Brussels – The question of what to do with Russian state assets frozen on European soil has been on the agenda in Brussels for some time. It is a decidedly political issue with strong legal and economic implications. Now, however, faced with Ukraine’s enormous needs—an estimated €52 billion in budget support and €80 billion in military assistance until 2027—and the gradual disengagement of the United States, the European Commission has decided to take action.
At the informal Copenhagen summit, it received an initial endorsement in principle from the heads of state and government of the 27 to work on a legislative proposal. The aim is to use the €175 billion owned by the Russian Central Bank, but mostly kept by Euroclear in Brussels, without any legal confiscation. The terrain is tricky, but—said a senior European Commission official—”we believe we have found a way to do it without violating international law.”

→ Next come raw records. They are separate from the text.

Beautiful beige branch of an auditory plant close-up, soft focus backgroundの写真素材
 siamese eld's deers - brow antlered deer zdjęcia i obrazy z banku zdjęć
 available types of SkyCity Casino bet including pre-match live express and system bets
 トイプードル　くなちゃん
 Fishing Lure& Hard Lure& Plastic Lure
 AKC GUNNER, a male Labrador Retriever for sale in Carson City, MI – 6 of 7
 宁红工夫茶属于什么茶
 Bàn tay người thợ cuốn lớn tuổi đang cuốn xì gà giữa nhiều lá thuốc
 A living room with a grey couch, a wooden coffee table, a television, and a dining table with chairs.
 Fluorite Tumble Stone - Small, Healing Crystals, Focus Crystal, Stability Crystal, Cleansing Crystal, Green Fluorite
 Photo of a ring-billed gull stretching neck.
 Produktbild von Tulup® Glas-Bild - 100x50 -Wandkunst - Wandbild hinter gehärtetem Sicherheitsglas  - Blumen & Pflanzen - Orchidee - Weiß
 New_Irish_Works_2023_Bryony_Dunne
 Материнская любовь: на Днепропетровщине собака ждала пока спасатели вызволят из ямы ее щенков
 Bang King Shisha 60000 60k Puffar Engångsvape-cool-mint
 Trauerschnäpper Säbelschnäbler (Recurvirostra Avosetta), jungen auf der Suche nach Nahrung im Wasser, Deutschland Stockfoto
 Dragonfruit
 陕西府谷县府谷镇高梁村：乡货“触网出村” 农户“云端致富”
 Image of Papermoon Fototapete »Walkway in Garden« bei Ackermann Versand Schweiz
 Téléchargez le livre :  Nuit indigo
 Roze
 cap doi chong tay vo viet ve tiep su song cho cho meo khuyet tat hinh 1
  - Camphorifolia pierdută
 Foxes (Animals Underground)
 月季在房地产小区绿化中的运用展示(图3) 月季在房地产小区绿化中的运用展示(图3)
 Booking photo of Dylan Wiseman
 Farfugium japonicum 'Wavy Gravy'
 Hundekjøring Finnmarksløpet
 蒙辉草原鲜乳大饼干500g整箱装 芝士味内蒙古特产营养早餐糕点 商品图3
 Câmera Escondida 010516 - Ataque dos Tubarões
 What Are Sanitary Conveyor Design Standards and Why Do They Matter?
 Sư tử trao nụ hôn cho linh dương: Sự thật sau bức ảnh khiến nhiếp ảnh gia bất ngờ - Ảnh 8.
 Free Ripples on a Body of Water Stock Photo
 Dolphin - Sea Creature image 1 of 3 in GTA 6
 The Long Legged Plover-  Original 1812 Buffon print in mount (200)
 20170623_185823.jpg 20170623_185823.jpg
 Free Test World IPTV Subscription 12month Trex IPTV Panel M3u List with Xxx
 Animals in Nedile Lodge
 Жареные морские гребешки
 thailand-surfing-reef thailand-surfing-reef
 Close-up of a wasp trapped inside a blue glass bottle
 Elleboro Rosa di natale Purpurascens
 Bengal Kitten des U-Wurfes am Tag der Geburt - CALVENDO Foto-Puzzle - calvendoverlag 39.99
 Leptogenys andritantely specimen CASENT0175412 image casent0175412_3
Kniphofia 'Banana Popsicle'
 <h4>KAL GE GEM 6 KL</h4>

At the basis of the reasoning, Brussels cites the conclusions of the European Council of a year ago, which stated in black and white that “Russia’s assets should remain frozen until Russia has ceased its war of aggression against Ukraine and compensated it for the damage caused by that war.” This principle, in essence, is the security guarantee on which the complex contrivance in the pipeline rests, together with the fact that, as a senior official explains, the EU would not touch the claim that Moscow holds on the Belgian financial services company, but rather the cash that has accumulated over the past three and a half years. “The cash belongs to Euroclear,” Brussels argues.

The idea then is for Euroclear to invest this cash in a dedicated debt contract for the Union, and for the latter to lend it to Ukraine at zero interest and in several tranches “as needed.” Kyiv would repay the loan only once the war is over and Russia has paid reparations. At that point, Brussels would in turn repay Euroclear. A “reparations loan”, as Ursula von der Leyen called it in her State of the Union address last 10 December.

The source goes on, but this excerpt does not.